Act 89 Kept SEPTA Trains in Service. Now Funding Is Falling Short.

PennDOT says transportation law will miss funding mark by $6 billion. SEPTA downplays the report.

Septa regional rail train

Photo Credit: Jeff Fusco

The state law that has helped SEPTA begin to make progress on its backlog of infrastructure repairs will fall $6 billion short of its funding goal, officials say, but local transit officials downplayed the report.

TribLive reported the shortfall Tuesday morning, the same day PennDOT Secretary Leslie Richards was to deliver the news to the Pennsylvania Senate Transportation Committee. 

SEPTA officials have frequently praised the law, Act 89, for keeping the agency’s trains in service. The law, signed by then-Gov. Tom Corbett in 2013, provided funding for transportation projects all over the state — and allowed SEPTA to nearly double its capital budget. (The bill may also be the reason Corbett lost his job; the spending and taxes it required was credited with diminishing his support among Republicans.)

“The Corbett administration over promised projects by at least $6 billion compared to projections of available revenue the next 12 years following Act 89,” Richards prepared testimony said, according to TribLive. “Absent a legislative solution, a number of these project(sic) may not advance in the next 12 years.”

By 2013, SEPTA had accumulated a $5 billion backlog of maintenance and equipment that needed replacing. Act 89 allowed the agency to finally get started on the list.

“There’s not a day goes by that one us here at SEPTA doesn’t thank our lucky stars for Act 89,” Jeffrey Knueppel, then SEPTA’s Deputy General Manager, told last year. “It came just in time. We were literally on the brink of having to close down service because some of the infrastructure would not have been safe enough.” (Knueppel has since been promoted to the agency’s general manager.)

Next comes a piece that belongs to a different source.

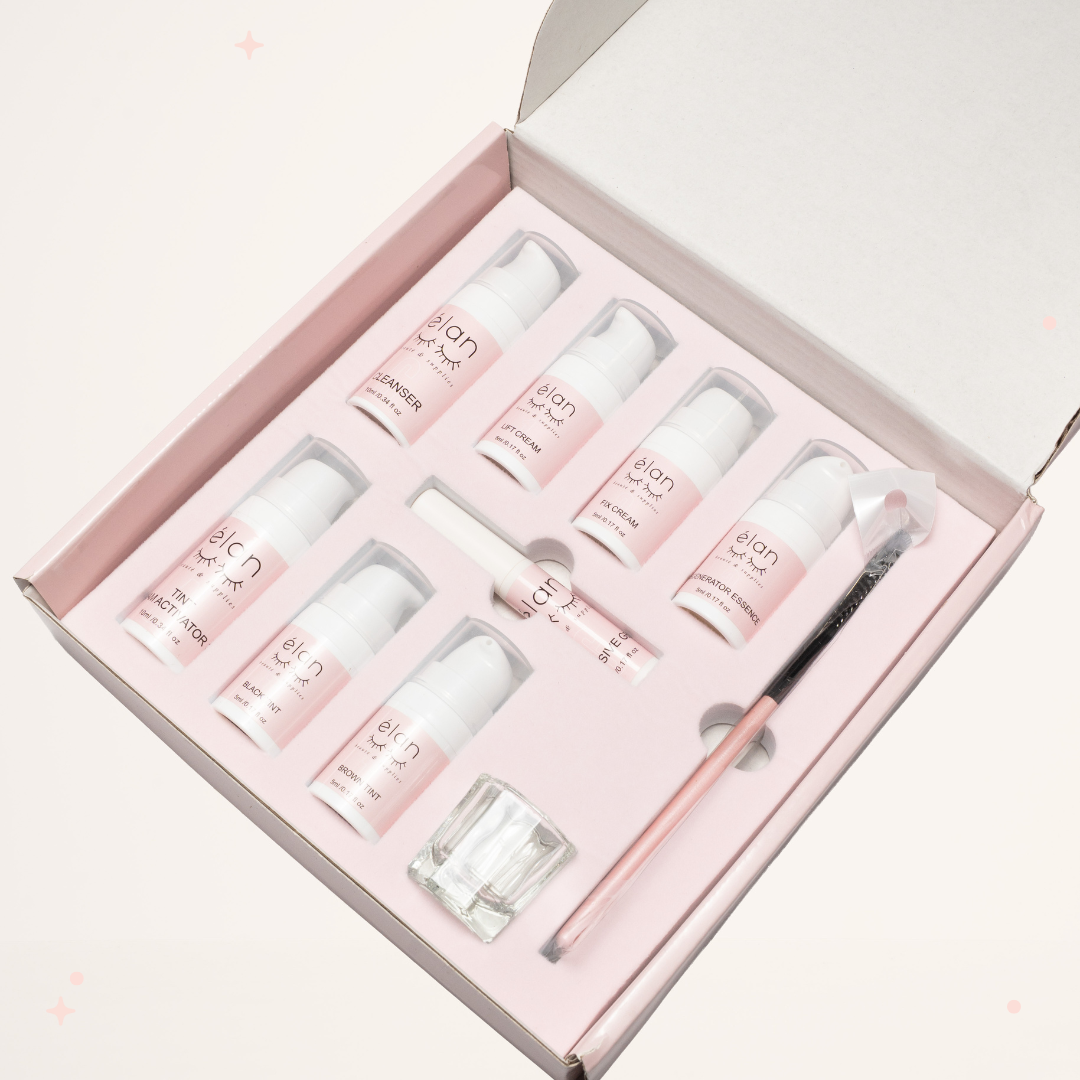 elan lash & brow lift + tint kit 4in1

Rich Burnfield, SEPTA’s current deputy general manager, said today the news from PennDot wasn’t a surprise. The act provided about $2 billion a year in new state transportation funding, he said, when as much as $3 billion was needed to serve all the identified needs. Similarly, he said, SEPTA increased its capital funding budget from around $300 million a year to $550 million a year — even though officials believed as much $700 million a year would be needed for maintenance, replacement, and repairs over 20 years. The agency works closely with funding partners and the public to prioritize its spending, he said.

“It’s not an emergency,” he said of Richards’ testimony, and added:  “I don’t think it’s really new news.”

But, Burnfield said, the increased budget has been invaluable to SEPTA.

“It’s been a real enhancement to our program — without it, we would have had to shut down certain lines,” he said. Now:  “We’re building bridges, we’re buying locomotives, we’re moving forward.”